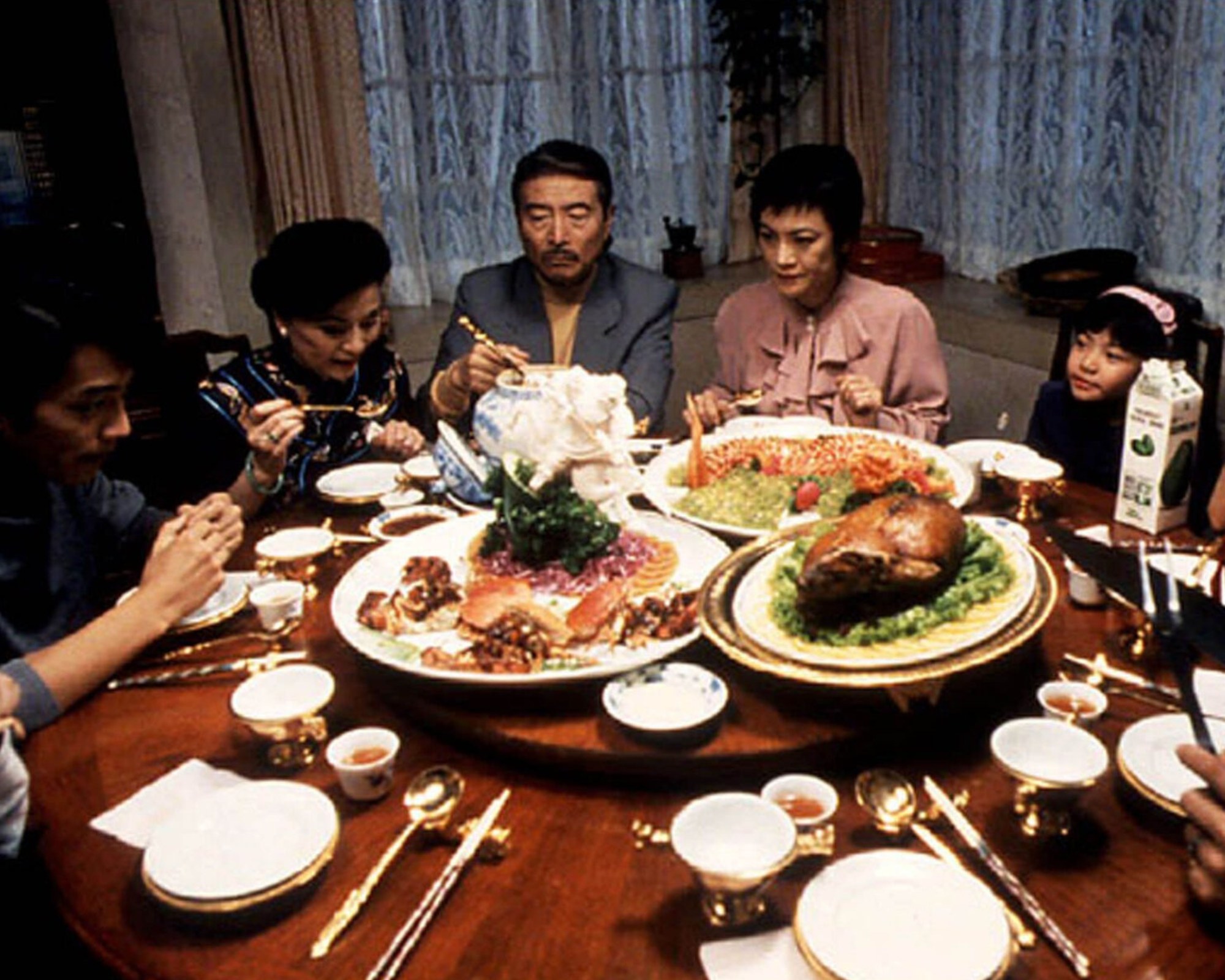 Eat Drink Man Woman by Director Ang Lee 飲食男女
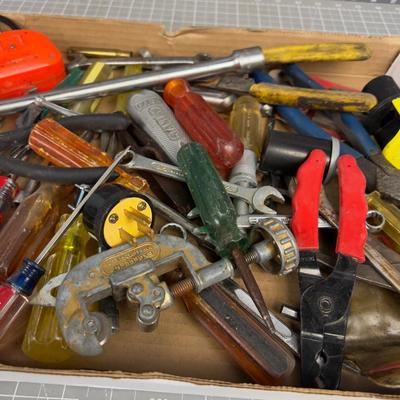 Tools; Nut Driver, Wire Cutters and Strippers 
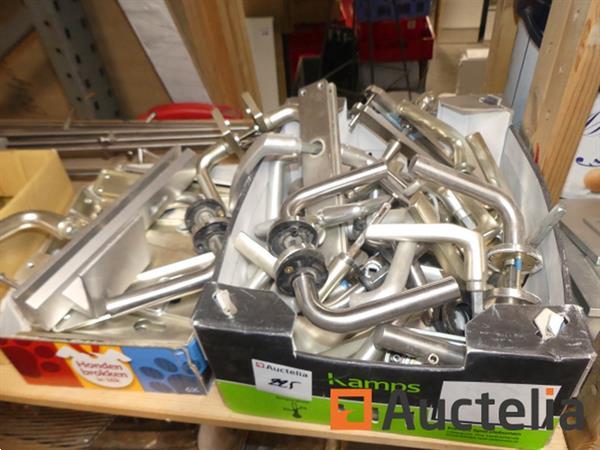 Grote foto beslag voor deuren kapstokken hangers ... doe het zelf en verbouw onderdelen en accessoires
· · · ·
→ **WHAT IS NEEDED**: Your answer should be every line above, written out exactly, with no pictures.

→ **YOUR RESPONSE**:
 Eat Drink Man Woman by Director Ang Lee 飲食男女
 Tools; Nut Driver, Wire Cutters and Strippers 
 Grote foto beslag voor deuren kapstokken hangers ... doe het zelf en verbouw onderdelen en accessoires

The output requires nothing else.